12. Persistent Object: Data objects that retain their state even
after the application that created them has ended, typically stored
in a database.
13. Meta-data: Data that describes other data, such as
information about data structure, format, and constraints.
14. Transaction-Processing Application: Applications that
involve multiple operations on a database and ensure data integrity
and consistency even in concurrent usage.
1.2 Main Types of Actions Involving Databases
1. Defining the Database: Establishing the data structure, format,
and constraints (schema definition) that the database will follow.
2. Constructing the Database: Populating the database with initial
data to enable immediate use.
3. Manipulating the Database: Operations such as querying,
updating, and deleting data, allowing users to work with stored
information.
4. Sharing the Database: Allowing multiple users and applications to
access the data concurrently, requiring mechanisms to manage
transactions and ensure data integrity.
1.3 Characteristics of the Database Approach vs. Traditional File
Systems
The database approach organizes data independently from application
programs, which allows for better consistency, reduced redundancy, and
easier data sharing. In contrast, traditional file systems store data in files
within specific programs, making it harder to maintain consistency, share
data across applications, and manage data dependencies. The database
approach also offers program-data independence, multiple user views,
and higher security.
1.4 Responsibilities of the DBA and Database Designers
DBA: Manages overall database maintenance, performance tuning,
backup, recovery, and ensuring data security and access control.
Database Designers: Responsible for creating the data model,
structuring the schema, and ensuring efficient data storage,
integrity, and usability.
1.5 Types of Database End Users and Their Activities
1. Casual Users: Occasionally query the database, often using ad-hoc
queries.
2. Naive/Parametric Users: Rely on pre-built applications to perform
repetitive tasks, like data entry or transactions.
3. Sophisticated Users: Use complex querying, often analysts or
developers who understand database internals.
4. Standalone Users: Maintain personal databases and perform
regular tasks using packaged applications.
1.6 Capabilities Provided by a DBMS
A DBMS should offer:
Data Definition and Storage: Defining, creating, and storing
structured data.
Data Manipulation and Retrieval: Efficient querying, updating,
and modification capabilities.
Transaction Management: Ensuring reliable, consistent, and
atomic processing of transactions.
Concurrency Control: Managing simultaneous data access to
prevent conflicts.
Backup and Recovery: Protecting data integrity and restoring
databases in case of failure.
Security Management: Controlling access based on user roles and
permissions.
1.7 Differences Between Database Systems and Information
Retrieval Systems
Database systems are structured for transaction processing, with strict
data consistency, integrity, and structured querying (e.g., SQL).

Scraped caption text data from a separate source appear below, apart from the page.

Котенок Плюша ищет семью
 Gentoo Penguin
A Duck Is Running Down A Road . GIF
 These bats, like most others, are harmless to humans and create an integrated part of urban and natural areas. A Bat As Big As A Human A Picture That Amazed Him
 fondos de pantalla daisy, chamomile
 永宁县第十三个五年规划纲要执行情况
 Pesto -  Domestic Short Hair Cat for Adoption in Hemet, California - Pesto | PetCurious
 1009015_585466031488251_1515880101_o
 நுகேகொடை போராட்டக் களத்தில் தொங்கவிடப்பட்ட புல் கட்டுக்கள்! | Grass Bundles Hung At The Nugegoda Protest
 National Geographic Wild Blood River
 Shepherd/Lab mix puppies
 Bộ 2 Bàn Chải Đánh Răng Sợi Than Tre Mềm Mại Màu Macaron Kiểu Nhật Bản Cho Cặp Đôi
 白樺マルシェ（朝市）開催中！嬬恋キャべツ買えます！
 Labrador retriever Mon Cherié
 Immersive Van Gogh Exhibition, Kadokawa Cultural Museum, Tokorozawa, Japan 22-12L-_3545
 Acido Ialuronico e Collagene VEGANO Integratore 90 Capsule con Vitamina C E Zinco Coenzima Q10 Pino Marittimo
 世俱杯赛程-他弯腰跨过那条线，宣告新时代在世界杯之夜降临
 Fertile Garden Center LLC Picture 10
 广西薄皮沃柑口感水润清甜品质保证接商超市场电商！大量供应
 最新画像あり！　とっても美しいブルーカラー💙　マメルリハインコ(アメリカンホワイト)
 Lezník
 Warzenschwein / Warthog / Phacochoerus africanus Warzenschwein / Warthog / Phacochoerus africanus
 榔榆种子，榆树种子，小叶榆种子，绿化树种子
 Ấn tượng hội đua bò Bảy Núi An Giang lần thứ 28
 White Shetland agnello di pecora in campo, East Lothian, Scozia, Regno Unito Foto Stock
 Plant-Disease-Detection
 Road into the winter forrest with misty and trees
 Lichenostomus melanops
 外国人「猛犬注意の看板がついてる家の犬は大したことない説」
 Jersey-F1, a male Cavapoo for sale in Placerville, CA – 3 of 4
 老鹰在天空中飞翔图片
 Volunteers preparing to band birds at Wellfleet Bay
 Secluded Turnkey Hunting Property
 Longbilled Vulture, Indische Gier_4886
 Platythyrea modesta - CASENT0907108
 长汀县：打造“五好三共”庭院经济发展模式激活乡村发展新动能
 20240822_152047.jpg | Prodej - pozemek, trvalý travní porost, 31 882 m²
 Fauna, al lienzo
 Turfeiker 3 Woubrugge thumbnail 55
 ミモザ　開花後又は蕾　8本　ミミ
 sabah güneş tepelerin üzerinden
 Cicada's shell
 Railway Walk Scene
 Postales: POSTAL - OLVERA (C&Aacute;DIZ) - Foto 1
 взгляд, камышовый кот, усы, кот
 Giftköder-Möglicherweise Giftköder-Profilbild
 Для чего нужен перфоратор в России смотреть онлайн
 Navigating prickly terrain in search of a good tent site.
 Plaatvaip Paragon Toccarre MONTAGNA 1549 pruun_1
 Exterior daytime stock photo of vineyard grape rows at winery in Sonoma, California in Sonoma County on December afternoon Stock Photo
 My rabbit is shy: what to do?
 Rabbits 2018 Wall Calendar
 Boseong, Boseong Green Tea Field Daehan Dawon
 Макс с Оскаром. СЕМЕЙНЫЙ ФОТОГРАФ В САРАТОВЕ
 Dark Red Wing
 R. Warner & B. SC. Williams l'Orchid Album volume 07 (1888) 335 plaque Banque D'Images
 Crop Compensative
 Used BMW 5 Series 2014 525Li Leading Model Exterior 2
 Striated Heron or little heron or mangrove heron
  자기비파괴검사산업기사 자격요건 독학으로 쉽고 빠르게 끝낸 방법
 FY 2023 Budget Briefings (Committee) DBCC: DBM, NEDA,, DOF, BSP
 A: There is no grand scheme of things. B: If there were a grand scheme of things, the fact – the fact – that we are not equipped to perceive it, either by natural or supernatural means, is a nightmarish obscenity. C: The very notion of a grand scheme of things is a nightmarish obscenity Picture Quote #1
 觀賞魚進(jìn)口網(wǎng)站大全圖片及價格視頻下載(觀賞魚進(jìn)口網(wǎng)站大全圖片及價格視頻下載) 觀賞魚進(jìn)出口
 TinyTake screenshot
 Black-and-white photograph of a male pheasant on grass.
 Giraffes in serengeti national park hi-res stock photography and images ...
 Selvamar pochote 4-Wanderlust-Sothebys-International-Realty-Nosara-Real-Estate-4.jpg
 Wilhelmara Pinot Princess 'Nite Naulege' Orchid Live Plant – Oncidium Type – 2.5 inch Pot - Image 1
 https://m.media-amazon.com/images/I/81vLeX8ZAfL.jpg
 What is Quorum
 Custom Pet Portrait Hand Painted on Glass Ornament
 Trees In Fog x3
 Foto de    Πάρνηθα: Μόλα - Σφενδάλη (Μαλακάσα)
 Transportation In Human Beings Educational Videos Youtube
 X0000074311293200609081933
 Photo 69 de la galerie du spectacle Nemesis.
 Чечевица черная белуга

They
typically handle structured data with defined schemas. Information
retrieval systems, however, focus on retrieving relevant data from
unstructured sources, such as documents or multimedia, often using
keyword matching or search indexes instead of structured querying.
Identify some informal queries and update operations that you
would expect to apply to the database shown in Figure 1.2.
Example Informal Queries:
1. List the names of all students majoring in Computer Science.
o Query: Which students have "CS" as their major?
2. Retrieve the course name and credit hours for all courses
taught in the Computer Science department.
o Query: Show all courses under the "CS" department along with
their credit hours.
3. Find the grades of student Smith in the Fall 2008 semester.
o Query: What are the grades of student Smith for courses he
took in Fall 2008?
4. List all the prerequisite courses for course CS3380.
o Query: What are the prerequisite courses required for
CS3380?
5. Retrieve the instructor's name for all sections offered in Fall
2008.
o Query: Which instructors are teaching in Fall 2008, and what
courses are they teaching?
6. Show the list of all students enrolled in the section of the
"Discrete Mathematics" course taught in Fall 2007.
o Query: Which students are enrolled in section 85 of the
MATH2410 course in Fall 2007?
Example Update Operations:
1. Change the major of student Brown to Mathematics.
o Update: Modify the major of Brown from "CS" to "MATH."
2. Add a new course "Algorithms" (course number CS4400, 4
credit hours) to the Computer Science department.
o Update: Insert a new record in the COURSE table for CS4400
with "Algorithms" as the course name and 4 credit hours
under the CS department.
3. Update the grade of student Brown in the section of "Data
Structures" from B to A.
o Update: Modify Brown's grade in section 102 from B to A in
the GRADE_REPORT table.
4. Remove student Smith from the section of "Database"
(section 135).
o Update: Delete Smith's enrollment (Student_number = 17)
from section 135 in the GRADE_REPORT table.
5. Add a new section for the course "Intro to Computer
Science" (course number CS1310) for Spring 2009 with
instructor Johnson.
o Update: Insert a new section record in the SECTION table with
a new identifier, for course CS1310 in Spring 2009, taught by
Johnson.
What is the difference between controlled and uncontrolled
redundancy? Illustrate with examples.
- Uncontrolled Redundancy:
Uncontrolled redundancy occurs when the same data is duplicated across
multiple places without proper management. This often leads to
inconsistencies, data anomalies, and wasted storage space.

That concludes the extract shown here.